The Doctor put his hand on my shoulder.
“Now do you see why I gift them this gift? To be rid of this ruse? This ill designed queue? Serving the servile, august and deranged, picking apart the delirious brain?”
I tired of the Doctor.
All I wanted was the red box.
“One question remains,” the Doctor complained.
“What’s that?”
“You.”
“Me?”
“Who told you where I was?”
“Andrews.”
“Andrews? No, no….."
“Well,” I stammered, “when I moved into the House I...”
“You went to the House,” the Doctor exclaimed, “to the one place you weren’t supposed to go?”
“What do you mean ‘weren’t supposed to go?’ As if you owned me.”
“Stop. You’ll have to go back. We’ll try it again. Believe me, Andrews will wish he was never born.
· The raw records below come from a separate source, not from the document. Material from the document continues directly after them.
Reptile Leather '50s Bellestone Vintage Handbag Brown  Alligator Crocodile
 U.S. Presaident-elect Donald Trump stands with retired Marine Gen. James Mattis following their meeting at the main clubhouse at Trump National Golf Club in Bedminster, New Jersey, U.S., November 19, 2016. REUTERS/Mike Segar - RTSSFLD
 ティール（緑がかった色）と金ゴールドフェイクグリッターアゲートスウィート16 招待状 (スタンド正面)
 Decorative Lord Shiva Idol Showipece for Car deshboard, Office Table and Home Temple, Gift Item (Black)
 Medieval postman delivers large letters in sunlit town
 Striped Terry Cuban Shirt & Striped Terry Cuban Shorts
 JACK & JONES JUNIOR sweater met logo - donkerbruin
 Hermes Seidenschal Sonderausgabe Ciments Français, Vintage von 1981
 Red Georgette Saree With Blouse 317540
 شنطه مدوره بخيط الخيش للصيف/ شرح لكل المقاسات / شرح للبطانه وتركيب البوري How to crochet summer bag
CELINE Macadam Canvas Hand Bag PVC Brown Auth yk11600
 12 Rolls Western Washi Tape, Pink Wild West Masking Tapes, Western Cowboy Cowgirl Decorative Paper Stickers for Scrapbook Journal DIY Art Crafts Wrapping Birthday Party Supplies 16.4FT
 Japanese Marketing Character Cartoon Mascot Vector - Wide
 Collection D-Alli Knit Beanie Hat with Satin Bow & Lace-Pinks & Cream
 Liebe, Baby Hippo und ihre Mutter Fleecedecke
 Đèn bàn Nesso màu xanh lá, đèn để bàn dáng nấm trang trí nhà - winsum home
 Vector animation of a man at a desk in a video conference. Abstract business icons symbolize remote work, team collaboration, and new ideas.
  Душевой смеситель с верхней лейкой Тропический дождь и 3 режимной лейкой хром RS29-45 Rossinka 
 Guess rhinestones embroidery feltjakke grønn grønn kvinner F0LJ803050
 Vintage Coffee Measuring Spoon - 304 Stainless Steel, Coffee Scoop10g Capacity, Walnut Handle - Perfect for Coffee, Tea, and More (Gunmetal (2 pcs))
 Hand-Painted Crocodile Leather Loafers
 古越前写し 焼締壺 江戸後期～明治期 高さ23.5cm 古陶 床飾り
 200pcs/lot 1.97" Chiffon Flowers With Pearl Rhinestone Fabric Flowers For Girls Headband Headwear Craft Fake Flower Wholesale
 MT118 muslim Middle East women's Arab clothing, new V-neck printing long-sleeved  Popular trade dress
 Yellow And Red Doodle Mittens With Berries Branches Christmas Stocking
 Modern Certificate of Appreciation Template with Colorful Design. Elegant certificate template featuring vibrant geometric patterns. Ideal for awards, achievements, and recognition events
Hey, stop! Don’t look in the mirror! Don't you know what you’re risking? I tell you, you’ve got to stop! Don’t you get it? You can still go back. It’s not too late. Don’t you want to go back? You must go back, you must, because, if you don’t, if you don’t...”
“What could be worse than this madhouse?”
“You don’t understand…”
“What?”
“It is not what you think. You’ll see yourself as you really are.”
I couldn’t take my eyes off myself.
“What have you done? What have you done? It’s too late. It’s too late. I can see it on your face. You’re beginning to piece it together. Yes? I put the knife and the poker in the dumbwaiter. I hid the pieces in the attic. Then I mopped the floor. But it doesn't matter. No matter how hard I try, the pieces never fit together. But you know all about that. You were there! You saw the whole thing.”
The Weeping Tree torqued. The spinning wheel spun in reverse. A jewel shone atop a ladder of thorns. A stone was cast. A hole was dug. A sign was hung. The Mephistophelean House was for rent.
I reached out.
Behind my shoulder I could see the Doctor.
“Don’t you realize what the things in the basement are?”
“The things with flies for eyes?”
And it was then, as I looked in the mirror, I saw there was only one person on the balcony, and that I was talking to myself.